▶ [Task item]: The following data needs to be repeated exactly, with all images excluded.

▶ [Given information]:
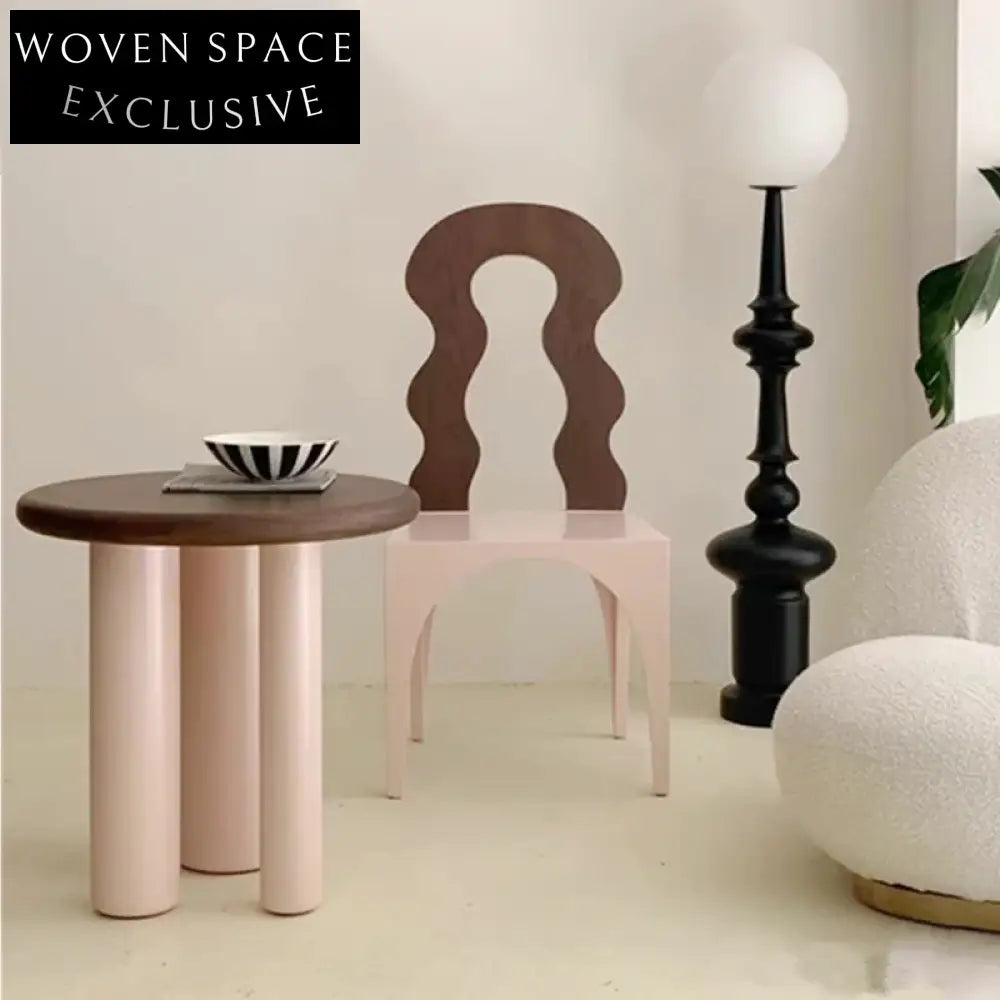 Elegant Plywood Wave Back Dining Chair for Restaurants & Home Luxury Seating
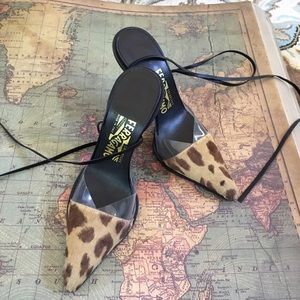 Lace-up Pony Hair Ferragamo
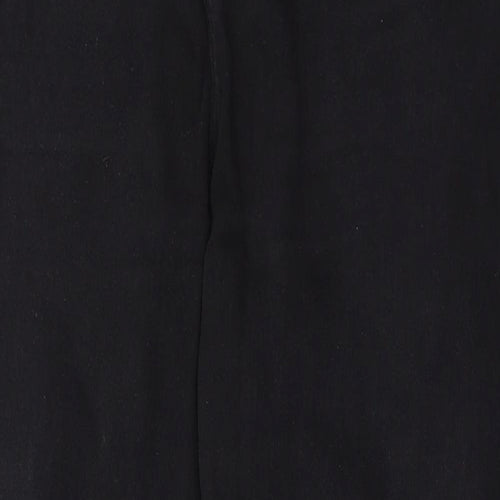 Misssguided Womens Black  Denim Skinny Jeans Size 12 L29 in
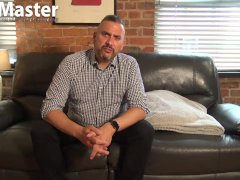 Stepdad in rubber wanks uncut dick and cums solo on your latex PREVIEW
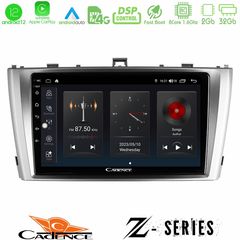 MEGASOUND - Cadence Z Series Toyota Avensis T27 8core Android12 2+32GB Navigation Multimedia Tablet 9"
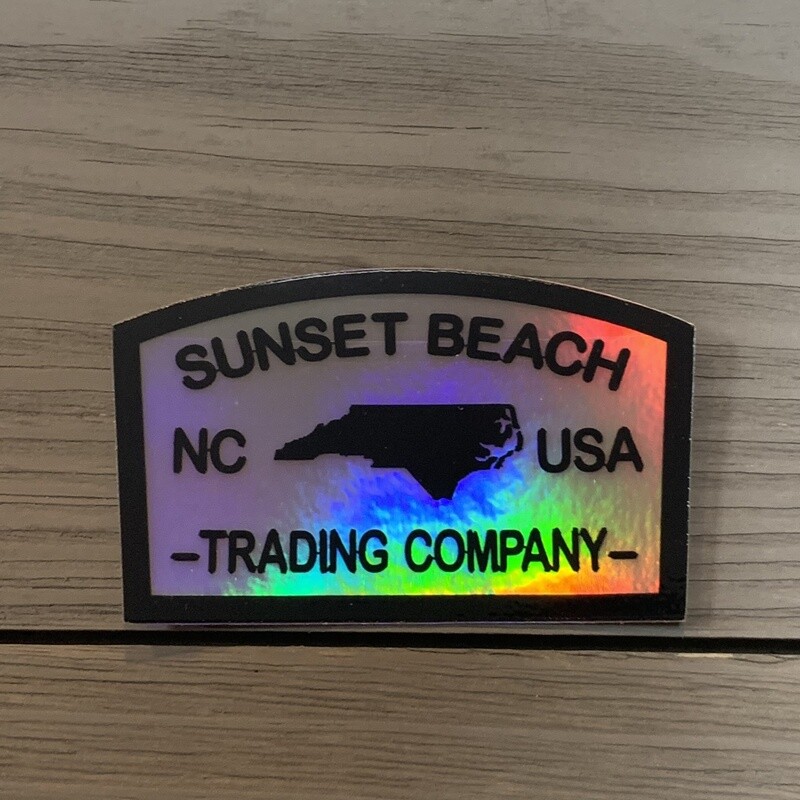 STICKER (S) SUNSET BEACH TRADING COMPANY HOLOGRAM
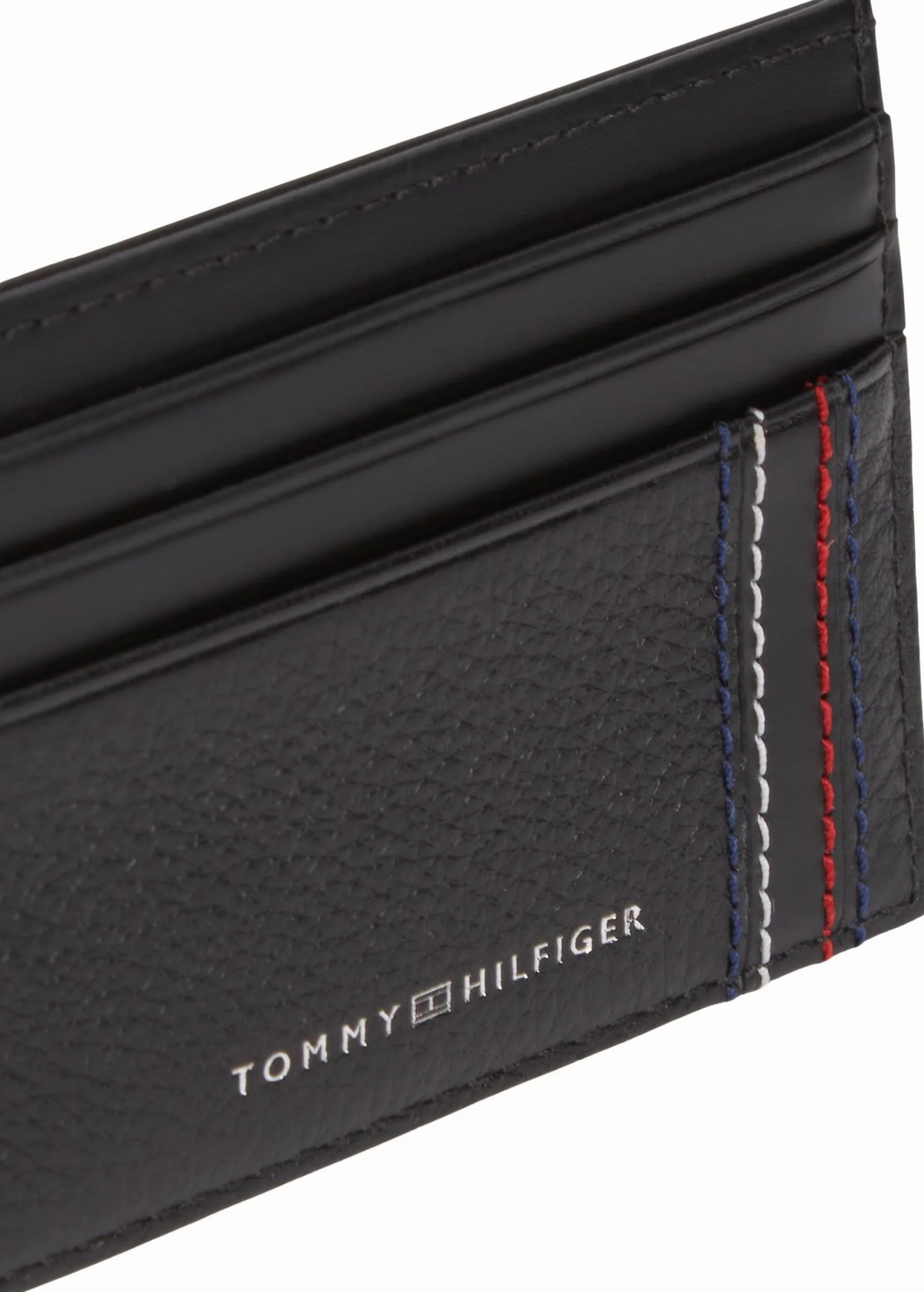 Tommy Hilfiger Porte-Cartes Th Central CC Holder AM0AM14228 pour Homme, Noir (Noir), Taille Unique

▶ [Task response]:
 Elegant Plywood Wave Back Dining Chair for Restaurants & Home Luxury Seating
 Lace-up Pony Hair Ferragamo
 Misssguided Womens Black  Denim Skinny Jeans Size 12 L29 in
 Stepdad in rubber wanks uncut dick and cums solo on your latex PREVIEW
 MEGASOUND - Cadence Z Series Toyota Avensis T27 8core Android12 2+32GB Navigation Multimedia Tablet 9"
 STICKER (S) SUNSET BEACH TRADING COMPANY HOLOGRAM
 Tommy Hilfiger Porte-Cartes Th Central CC Holder AM0AM14228 pour Homme, Noir (Noir), Taille Unique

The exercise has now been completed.